Human reproductive system microbiomes exhibited significantly different heterogeneity scaling with gut microbiome, but the intra‐system scaling is invariant

Maintaining sexual reproduction in a highly competitive world is still one of the major mysteries of biology given the apparently high efficiency of asexual reproduction. Co-evolutionary theories such as the Red Queen hypothesis would suggest that the microbiomes in human reproductive systems, specifically the microbiomes contained in semen and vaginal fluids, should reach some level of homogeneity thanks to arguably the most conspicuous microbiome transmission between two sexes. The long-term sexual coevolution should favor the dynamic homogeneity or stability, which should also be beneficial for sexual reproduction such as sperm survival or fertilization on physiological/ecological time scale.
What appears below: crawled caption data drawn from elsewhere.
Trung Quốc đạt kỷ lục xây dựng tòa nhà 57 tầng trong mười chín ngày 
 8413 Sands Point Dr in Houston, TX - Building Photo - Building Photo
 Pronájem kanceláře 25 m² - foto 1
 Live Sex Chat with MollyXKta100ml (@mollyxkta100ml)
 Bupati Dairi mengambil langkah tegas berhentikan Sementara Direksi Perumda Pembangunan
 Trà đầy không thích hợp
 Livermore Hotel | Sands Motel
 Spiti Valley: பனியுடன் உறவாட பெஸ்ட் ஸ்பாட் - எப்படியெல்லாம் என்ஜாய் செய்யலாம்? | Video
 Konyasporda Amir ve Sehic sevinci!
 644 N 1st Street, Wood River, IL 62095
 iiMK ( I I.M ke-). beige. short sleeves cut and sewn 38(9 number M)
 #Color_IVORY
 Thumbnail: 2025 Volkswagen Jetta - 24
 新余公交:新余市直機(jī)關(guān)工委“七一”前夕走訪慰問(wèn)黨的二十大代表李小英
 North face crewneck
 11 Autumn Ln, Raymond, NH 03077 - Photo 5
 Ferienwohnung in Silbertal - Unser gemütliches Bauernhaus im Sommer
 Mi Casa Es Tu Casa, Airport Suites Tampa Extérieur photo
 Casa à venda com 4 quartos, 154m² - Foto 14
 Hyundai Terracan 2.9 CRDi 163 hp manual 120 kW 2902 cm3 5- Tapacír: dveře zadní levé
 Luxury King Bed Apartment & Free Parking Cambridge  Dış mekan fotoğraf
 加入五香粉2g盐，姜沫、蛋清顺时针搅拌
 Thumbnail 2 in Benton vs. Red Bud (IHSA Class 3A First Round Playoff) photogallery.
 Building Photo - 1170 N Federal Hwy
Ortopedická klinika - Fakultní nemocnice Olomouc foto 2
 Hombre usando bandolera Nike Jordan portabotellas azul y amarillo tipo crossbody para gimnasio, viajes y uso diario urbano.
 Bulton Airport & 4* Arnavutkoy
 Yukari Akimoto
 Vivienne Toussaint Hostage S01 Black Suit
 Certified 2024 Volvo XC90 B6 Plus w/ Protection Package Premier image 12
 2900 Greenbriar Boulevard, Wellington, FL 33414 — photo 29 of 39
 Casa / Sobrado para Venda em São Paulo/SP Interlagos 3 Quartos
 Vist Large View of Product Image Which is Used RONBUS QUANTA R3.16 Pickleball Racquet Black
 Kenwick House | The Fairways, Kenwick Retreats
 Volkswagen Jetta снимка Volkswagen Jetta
We present a piece of quantitative evidence in the form of microbial community spatial heterogeneity to support the stability notion by analyzing three big datasets of the human vaginal, semen and gut microbiome. Methodologically, we applied a recent community-level extension to the classic Taylor's power law, which reached the rare status of ecological law and has found applications beyond biology. Both ecological and evolutionary theories, such as hologenome/holobiont and Red Queen, as well as consideration of first principles, would predict that microbiome transmissions between two sexes should have homogenizing effects on the composition and stability of the microbiomes in human reproductive systems, and therefore have similar variance structures. This is supported by the finding that the power law analysis revealed human vaginal and semen microbiomes exhibited the same scaling parameter size in their community spatial (inter-individual) heterogeneities, while the both exhibited significantly different heterogeneity scaling parameter size with the human gut microbiome.